I started to lose weight. It was a no-brainer, even for this sack-of-shit. This was before the days of Jared the Subway spokesman, but I’d already come to the conclusion that ordering from a (relatively speaking) “healthy” set of menu items would make portion control and calorie counting easy. It did. And I started to jog a little. At first, I only ran twice a week, and started including some basketball on my days off. Two times a week became three times a week, and the pounds melted off.

Losing weight is easy, especially if you don’t care where the weight comes from. If, for instance, you don’t give a shit if you lose lots of lean muscle tissue along with all the fat, then literally running yourself in circles is about all that you need to do. And cutting your caloric intake helps, also. But the pounds would come off, even if you did nothing else.

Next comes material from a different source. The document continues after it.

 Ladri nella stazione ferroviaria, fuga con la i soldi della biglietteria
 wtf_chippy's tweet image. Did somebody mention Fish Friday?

Don’t let shows like the Biggest Loser fool you. While the contestants on that show perform exercises that look a little like strength training, because they involve the use of weights and weight machines, the intensity and duration of their workouts (Biggest Loser “workouts” involve high repetitions performed with relatively light weight over several hours a day) will yield a very specific set of physiological responses, resembling what we might expect to see from frequent, prolonged bouts of running, as was my case. In other words, what we have is aerobic exercise (and the worst, most physically abusive kind, at that) masquerading as strength training.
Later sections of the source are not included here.